Follow-up on PFR Delays

In the aftermath of this week’s postAre Petitions for Review Taking Longer to Decide?I’ve been struck by the frustration conveyed privately by attorneys over the handling of petitions for review.  Along with their concern over delays in granting petitions (the subject of the aforementioned post), they also shared anecdotal impressions that the court is taking an even longer, perhaps much longer, time to deny petitions. 

None of us could conceive of a means to calculate the number of days between submission and denial of petitions reaching the court each year, so that topic remains shrouded for the time being. 

However, one reader directed my attention to another set of figures underscoring the backlog hampering the court.  He pointed out that the court’s statistical reports list not only the number of petitions for review granted and denied each month, but also the number still pending—awaiting decisions from the commissioners and justices.  Compare the total of 414 pending petitions for March 2026,[1] he advised, with the March totals for previous years to gain a sense of how congested the court has become.[2]  His recommendation yielded the following chart, which does indeed suggest a recent and abrupt logjam.

Others share his puzzlement.  How could this occur when the court is neither receiving an extraordinary number of petitions nor filing many decisions?  The explanation proposed most often to me centers on the retirement mentioned in the preceding post.

[1] March 2026 is currently the most recent month for which figures are available.

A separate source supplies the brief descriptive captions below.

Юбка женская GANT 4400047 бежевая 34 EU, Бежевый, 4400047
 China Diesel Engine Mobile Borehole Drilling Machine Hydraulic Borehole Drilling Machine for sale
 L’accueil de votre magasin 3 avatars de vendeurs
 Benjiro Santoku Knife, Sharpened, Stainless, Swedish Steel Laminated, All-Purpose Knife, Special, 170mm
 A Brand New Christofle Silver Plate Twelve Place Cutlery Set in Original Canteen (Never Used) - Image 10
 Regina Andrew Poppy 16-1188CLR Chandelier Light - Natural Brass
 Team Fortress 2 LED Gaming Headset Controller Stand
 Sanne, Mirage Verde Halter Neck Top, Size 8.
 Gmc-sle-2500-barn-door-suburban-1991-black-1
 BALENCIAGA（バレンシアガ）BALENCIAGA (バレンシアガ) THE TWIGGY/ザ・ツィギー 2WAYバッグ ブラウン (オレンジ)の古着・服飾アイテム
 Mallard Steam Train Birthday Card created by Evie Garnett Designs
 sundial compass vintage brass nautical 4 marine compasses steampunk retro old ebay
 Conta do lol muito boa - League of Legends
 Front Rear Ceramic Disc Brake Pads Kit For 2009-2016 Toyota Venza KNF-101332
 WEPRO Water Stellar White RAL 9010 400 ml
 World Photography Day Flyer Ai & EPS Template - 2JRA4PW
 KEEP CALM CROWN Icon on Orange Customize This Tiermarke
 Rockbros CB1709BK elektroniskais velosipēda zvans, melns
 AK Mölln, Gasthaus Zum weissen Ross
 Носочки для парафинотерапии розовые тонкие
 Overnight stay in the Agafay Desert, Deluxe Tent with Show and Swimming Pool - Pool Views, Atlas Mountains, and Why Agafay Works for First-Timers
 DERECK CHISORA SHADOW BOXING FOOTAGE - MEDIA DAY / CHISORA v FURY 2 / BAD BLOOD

[2] The court’s monthly reports only go back through 2021.

About Alan Ball

SCOWstats offers numerical analysis of the Wisconsin Supreme Court on diverse issues covering the past 108 years.
Alan Ball is a Professor of History at Marquette University in Milwaukee.

alan.ball@marquette.edu

Comments

  1. Tom Kamenick says

    What was the big change in the court in the 25-26 term? Karofsky became the Chief Justice. Hardly proof of anything, but it’s certainly possible that a change in administrative leadership caused the change in administrative work.